Input data:
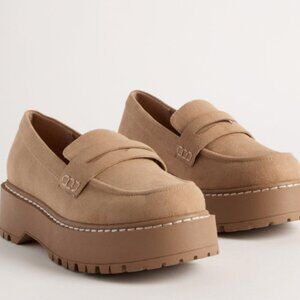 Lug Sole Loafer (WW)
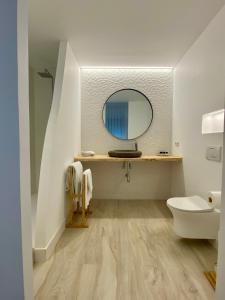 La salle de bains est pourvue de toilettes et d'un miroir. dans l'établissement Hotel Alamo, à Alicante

...

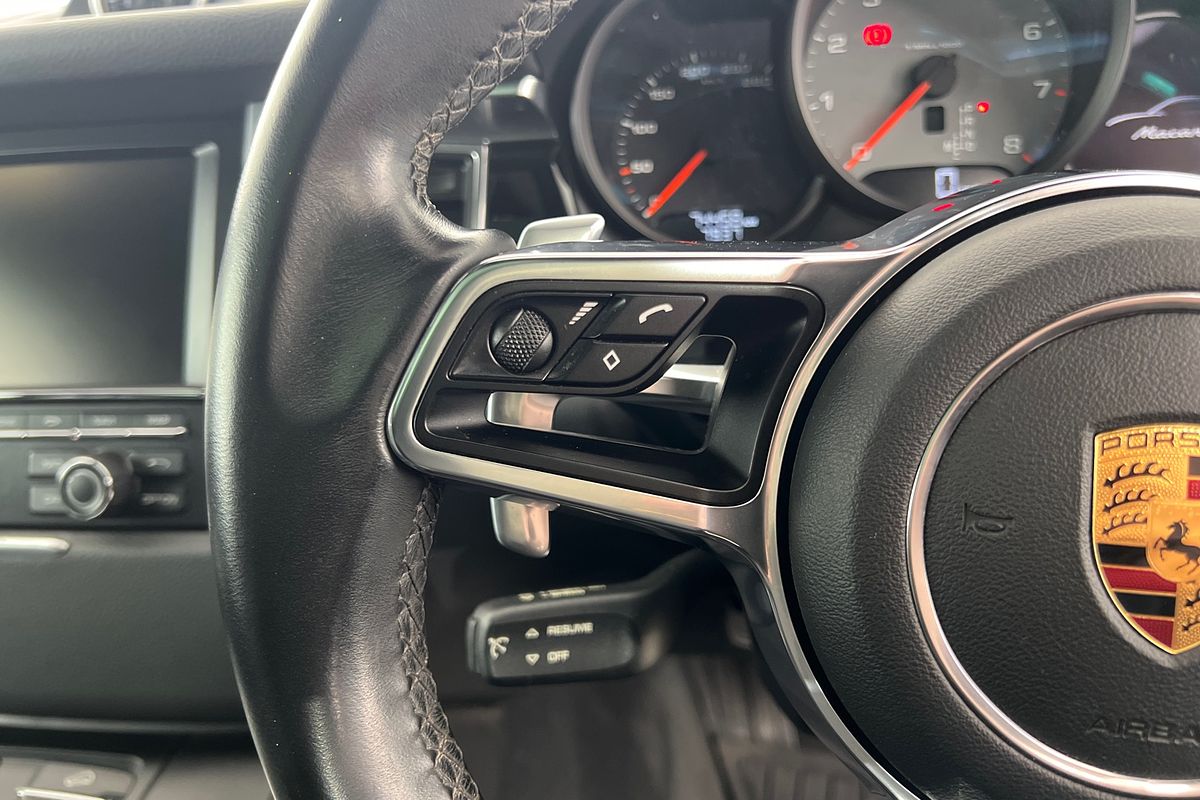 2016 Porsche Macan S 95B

Task instructions:
Print exactly, with no pictures, the lines above from the one that holds "Lug Sole Loafer (WW)" through the one that holds "La salle de", both of them included.

Solution:
 Lug Sole Loafer (WW)
 La salle de bains est pourvue de toilettes et d'un miroir. dans l'établissement Hotel Alamo, à Alicante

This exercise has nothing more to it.